THE FIRST APPLICATION IN TERMS OF RULE 33(4)

[4] The husband is a farmer by profession and owns large tracts of farmland in the Overberg which are said to be of substantial value. In order that the parties could properly apply their minds to resolution of the accrual dispute, it was necessary for agreement to be reached on the value of the husband’s estate. In reality, this meant a valuation of his farming business and, in particular, the immovable properties on which that business is conducted. Conscious of the fact that in terms of s3(1) and (2) of the MPA an order for division of the accrual can only be made upon the granting of decree of divorce[1], the parties sought to establish a mechanism to achieve this. In the result, it was agreed that, through the application of Rule 33(4), this court would be asked to establish those values at the outset.

[5] And so, in mid-2016 Fortuin J was requested by the parties to determine two discrete issues. Firstly, Her Ladyship was requested to determine whether the husband’s accrual was in any manner reduced by virtue of donations allegedly made to him by his late father. Secondly, the court was asked to determine the fair market value of the two farms on which the husband conducts his farming operations – “Luipaardskloof” and “De Turon” in the Swellendam district. To this end the court heard oral evidence from experts as to the value of those farms.

[6] On 21 November 2016 Fortuin J handed down judgment and found that no donation as alleged had been established by the husband. Regarding the value of farms the court found that Luiperdskloof was worth R36m and De Turon R6,3m. The husband was evidently dissatisfied with the court’s findings and made application for leave to appeal. When this was refused by Fortuin J the husband did not pursue the matter further by way of an application for leave to the Supreme Court of Appeal.


THE SECOND APPLICATION IN TERMS OF RULE 33(4)

[7] During 2017 the litigation seems to have meandered aimlessly as offers and counter-offers of settlement were reciprocated. Eventually on 8 May 2018 the husband approached this court for further relief in terms of Rule 33(4) seeking an order, inter alia -

1. Directing that the issue with regards to the grant of a decree of divorce be decided separately in terms of R33(4) from the remaining issues in the matter which can stand over until the aforementioned issue has been decided….

3. The costs of this application to be costs in the cause of the main action between the parties, unless the Respondent opposes this application, in which event, the Applicant prays that the Respondent be ordered to pay the costs thereof.”

The thinking behind that application was to procure only an order for divorce so that the date for calculation of the accrual could be fixed in time, and thereafter the proprietary consequences and a potential maintenance order in favour of the wife could be considered in the context of such date.

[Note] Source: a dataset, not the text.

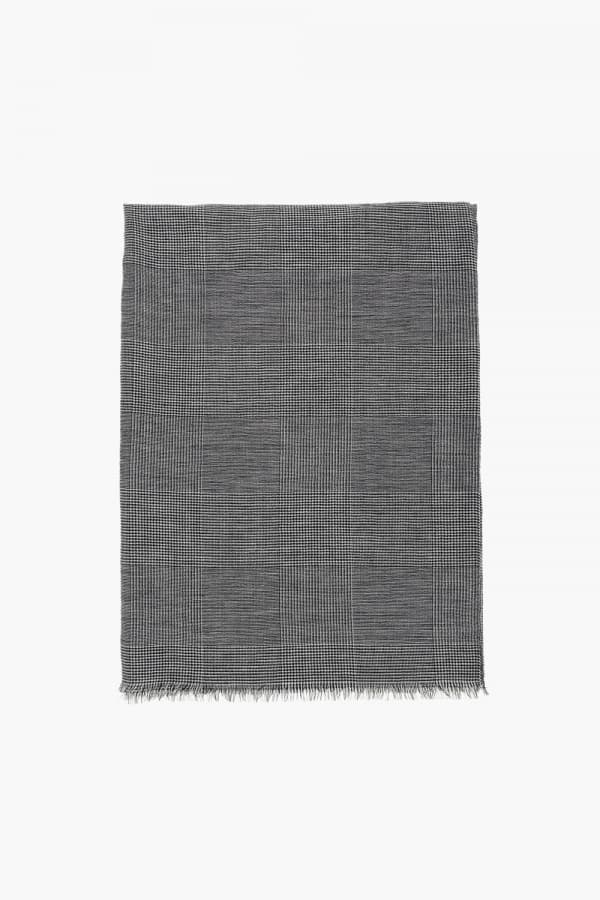 울 체크 머플러 RE3FMBBSC105R98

[8] The wife opposed the application contending that no useful purpose would be served by a further separation of issues at that time. It appears that the wife held the view that there had been significant appreciation in the value of the farms in the interim, a view seemingly shared by the husband, who, however, claimed that the valuation of the farms was res judicata. The wife accordingly applied by way of a counter application, on 24 May 2018, for the dismissal of the husband’s Rule 33(4) application while requesting a declaratory order that the determination by Fortuin J of the values of the husband’s farms on 21 November 2016 was not res judicata. The wife further asked that “the percentage to be applied regarding appreciation [in the values of the farms] is to be agreed between the parties. If no agreement is reached, evidence is to be adduced in this regard in the divorce trial.” She also sought permission for experts of her choice to be given access to the farms for purposes of reconsidering the valuations thereof and other related relief.

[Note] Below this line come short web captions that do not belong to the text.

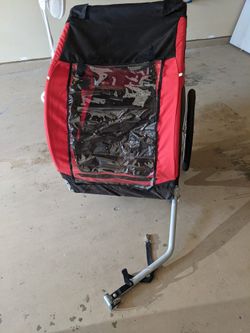 TRIXIE Bike Trailer for Dogs, Large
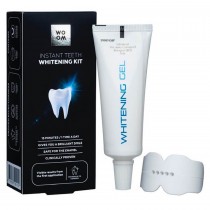 Woom Instant Teeth Whitening Kit el wybielajcy 30ml + nakadka na zby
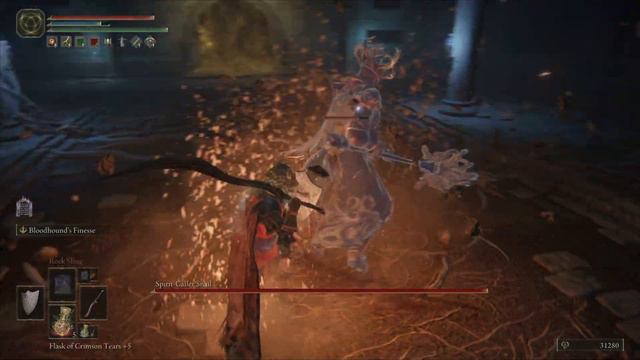 Elden Ring | Spirit-Caller Snail Boss Fight | Road's End Catacombs смотреть онлайн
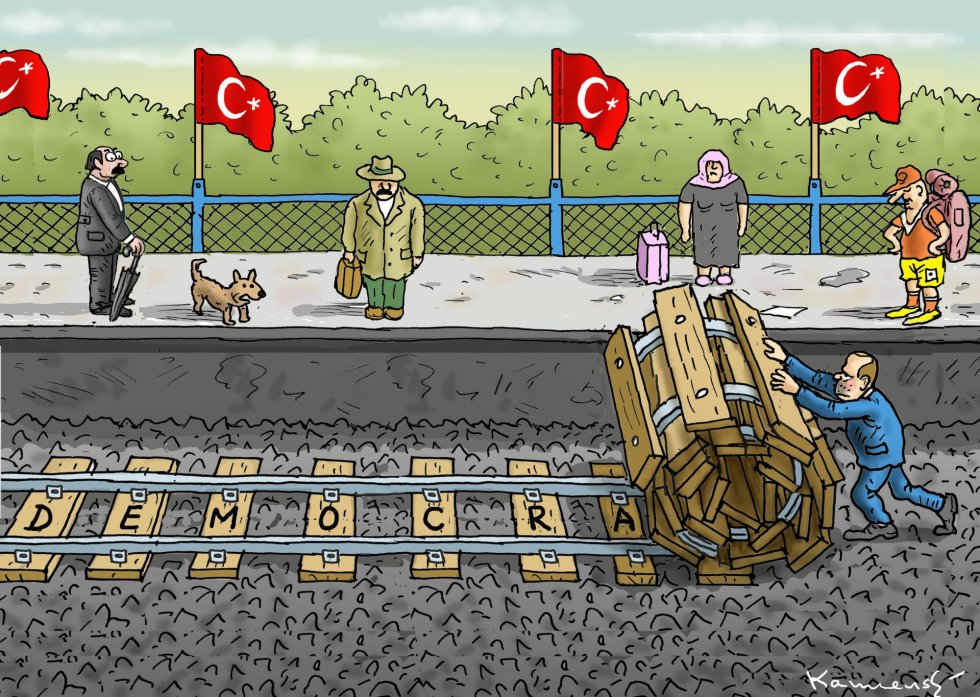 Democrat Erdogan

[9] This court heard both applications on 27 August 2018 and reserved judgment. The parties were invited to approach this court in the interim, while judgment was being prepared, for a decree of divorce to enable the date to be fixed for the purposes of the application of s3(2) of the MPA. Both parties were in agreement with this proposal. Given that the question regarding the interests of the parties’ children was no longer a live issue in light of their majority, s6 of the Divorce Act, 70 of 1979 (“the Act”) did not apply and it was open to the court to grant a decree of divorce at that stage.[2]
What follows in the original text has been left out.